Malaysia’s average broadband speed of about 5.9Mbps is well below the Asean average. This is just plain embarrassing for the home of the Multimedia Super Corridor (MSC Malaysia).

We are now lagging behind many of our Asean neighbours and this may have a detrimental effect on our already suffering economy.

Another study by Ericsson, Arthur D. Little and Chalmers University in 2011 has quantified the impact of broadband speeds on national GDP. It claims that a simple doubling of broadband speeds increases GDP by 0.3%, while additional doublings can yield even more growth – for example, quadrupling of speeds increases GDP by 0.6%.

Read the other way, this means that by preferring to have slower broadband speeds, Malaysians are also choosing to reduce our GDP by a significant amount.

To put things into perspective, according to the World Bank, Malaysia’s GDP was US$326.9 billion in 2014. So ‘halving’ our bandwidth decreases our GDP by more than RM4.34 billion (US$980 million) a year.

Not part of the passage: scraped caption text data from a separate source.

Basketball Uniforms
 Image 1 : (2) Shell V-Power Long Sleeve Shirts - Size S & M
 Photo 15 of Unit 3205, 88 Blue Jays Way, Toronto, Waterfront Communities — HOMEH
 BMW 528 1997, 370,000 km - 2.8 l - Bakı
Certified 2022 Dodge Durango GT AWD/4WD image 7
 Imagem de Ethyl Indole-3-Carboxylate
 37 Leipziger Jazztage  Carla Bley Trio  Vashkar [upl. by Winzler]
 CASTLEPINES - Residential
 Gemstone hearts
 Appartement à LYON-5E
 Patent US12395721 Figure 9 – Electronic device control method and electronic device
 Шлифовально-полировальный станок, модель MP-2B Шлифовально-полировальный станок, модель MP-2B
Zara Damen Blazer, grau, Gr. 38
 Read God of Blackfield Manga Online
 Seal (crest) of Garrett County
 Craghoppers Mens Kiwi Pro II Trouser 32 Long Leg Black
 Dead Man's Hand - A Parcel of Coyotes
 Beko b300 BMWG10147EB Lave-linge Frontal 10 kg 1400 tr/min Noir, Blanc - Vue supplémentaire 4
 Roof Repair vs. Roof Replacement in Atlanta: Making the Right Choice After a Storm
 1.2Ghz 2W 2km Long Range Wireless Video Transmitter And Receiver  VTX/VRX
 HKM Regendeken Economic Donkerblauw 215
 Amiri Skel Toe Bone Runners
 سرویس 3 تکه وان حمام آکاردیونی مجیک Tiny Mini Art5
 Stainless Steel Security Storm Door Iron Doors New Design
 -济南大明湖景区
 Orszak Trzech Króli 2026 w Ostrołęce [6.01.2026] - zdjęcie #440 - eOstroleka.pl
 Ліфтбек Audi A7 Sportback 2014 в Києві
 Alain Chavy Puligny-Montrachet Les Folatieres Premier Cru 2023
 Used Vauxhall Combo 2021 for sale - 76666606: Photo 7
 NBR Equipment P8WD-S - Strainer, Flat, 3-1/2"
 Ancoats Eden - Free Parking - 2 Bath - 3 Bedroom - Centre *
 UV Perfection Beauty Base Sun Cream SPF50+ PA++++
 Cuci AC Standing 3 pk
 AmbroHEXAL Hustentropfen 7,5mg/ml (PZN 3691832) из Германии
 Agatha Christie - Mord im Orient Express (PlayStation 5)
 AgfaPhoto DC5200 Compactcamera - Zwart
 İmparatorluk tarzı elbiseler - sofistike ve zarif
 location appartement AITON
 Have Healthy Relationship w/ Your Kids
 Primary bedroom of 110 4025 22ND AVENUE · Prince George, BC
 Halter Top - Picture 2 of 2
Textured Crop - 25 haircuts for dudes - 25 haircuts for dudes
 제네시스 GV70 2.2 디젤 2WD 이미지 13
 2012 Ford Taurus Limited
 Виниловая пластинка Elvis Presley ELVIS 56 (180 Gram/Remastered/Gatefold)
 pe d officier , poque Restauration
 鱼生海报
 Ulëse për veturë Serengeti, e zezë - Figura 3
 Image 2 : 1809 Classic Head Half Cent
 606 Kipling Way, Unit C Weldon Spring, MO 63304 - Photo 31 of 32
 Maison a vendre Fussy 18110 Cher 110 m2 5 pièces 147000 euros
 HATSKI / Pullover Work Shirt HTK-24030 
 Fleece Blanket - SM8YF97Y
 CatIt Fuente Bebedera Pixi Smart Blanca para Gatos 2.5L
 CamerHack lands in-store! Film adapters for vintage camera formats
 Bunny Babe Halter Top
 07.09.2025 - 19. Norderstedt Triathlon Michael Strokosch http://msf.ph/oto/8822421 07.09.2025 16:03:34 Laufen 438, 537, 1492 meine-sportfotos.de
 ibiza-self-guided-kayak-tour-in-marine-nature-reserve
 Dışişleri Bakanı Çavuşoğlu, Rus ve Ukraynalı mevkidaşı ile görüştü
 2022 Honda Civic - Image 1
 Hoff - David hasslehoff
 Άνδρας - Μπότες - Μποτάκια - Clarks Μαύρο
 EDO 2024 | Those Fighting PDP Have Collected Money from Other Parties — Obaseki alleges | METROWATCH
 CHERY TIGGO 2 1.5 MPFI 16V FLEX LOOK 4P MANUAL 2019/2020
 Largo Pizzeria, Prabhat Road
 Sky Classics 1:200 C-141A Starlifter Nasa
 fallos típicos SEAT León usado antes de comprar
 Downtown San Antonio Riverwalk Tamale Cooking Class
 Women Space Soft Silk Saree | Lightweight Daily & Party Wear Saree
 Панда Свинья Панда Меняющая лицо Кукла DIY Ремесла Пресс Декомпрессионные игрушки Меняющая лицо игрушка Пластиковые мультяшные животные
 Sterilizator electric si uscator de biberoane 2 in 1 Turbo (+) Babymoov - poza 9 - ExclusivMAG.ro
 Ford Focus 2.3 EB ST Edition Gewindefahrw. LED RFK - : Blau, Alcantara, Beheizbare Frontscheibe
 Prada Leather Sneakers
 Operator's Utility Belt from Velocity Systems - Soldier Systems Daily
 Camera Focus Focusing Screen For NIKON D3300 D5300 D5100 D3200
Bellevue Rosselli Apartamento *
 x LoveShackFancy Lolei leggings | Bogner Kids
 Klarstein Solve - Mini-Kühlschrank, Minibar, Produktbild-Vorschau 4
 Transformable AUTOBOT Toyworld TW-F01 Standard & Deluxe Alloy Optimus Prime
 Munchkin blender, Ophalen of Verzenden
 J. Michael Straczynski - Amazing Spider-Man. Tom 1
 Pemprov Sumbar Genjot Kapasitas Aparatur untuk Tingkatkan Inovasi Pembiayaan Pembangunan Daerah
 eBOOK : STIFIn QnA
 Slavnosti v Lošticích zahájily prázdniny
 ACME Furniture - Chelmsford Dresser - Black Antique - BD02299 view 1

Now, chew on that number for a bit and consider why our Government is not too concerned with increasing our broadband speeds.

Sure, some may argue that we do not need to have super-duper high-speed broadband in this country. Some even suggested that the demand for high speeds in Malaysia is purely driven by file-sharing piracy.

But the fact of the matter is that higher bandwidth means more modern services can be supplied to every home.

The same study by Ericsson claims that growth stems from a combination of direct, indirect, and induced effects. The induced effect, which includes the creation of new services and businesses, is the most sustainable dimension and could represent as much as one-third of GDP growth.

Everyone already knows that the future of computing lies in the ephemeral ‘cloud.’ This means that we will need high bandwidth for everything, since all our data and our everyday lives are going to be stored and processed on the Internet.

There is no escaping this new paradigm of computing as those who have no knowledge of a world without the Internet embrace this.

Personally, I don’t like to speculate on what people are going to do with their high-speed broadband when it arrives in their homes. I believe that Malaysians are a creative and entrepreneurial bunch. Once there is abundant bandwidth, I can guarantee you that someone will find a way to profit by using it for something other than piracy or porn.

Of course, broadband speeds are not the magic doorway to a high-income economy, but it sure is a step in the right direction.

Furthermore, a recent report from the Human Rights Council of the United Nations has declared that access to the Internet is a basic human right. The same report states that Internet access facilitates economic development and enables individuals to enjoy a range of basic human rights, such as freedom of opinion or speech.

In fact, in some parts of the world, broadband rights are already codified into local law. While none of our Asean neighbours have adopted such lofty ideals, we can all immediately appreciate how faster Internet access provides more opportunities for people to better their lives.

Even the most authoritarian governments understand this.

In the case of broadband speeds, more is definitely better. Higher speeds allow people to communicate better, by using video-conferencing instead of mere voice calls. It also allows people to work from home as effectively as they work in the office, which would improve family values.

And it would also enable broad deployments of tele-medicine, which could save countless lives, especially in the interior and remote areas.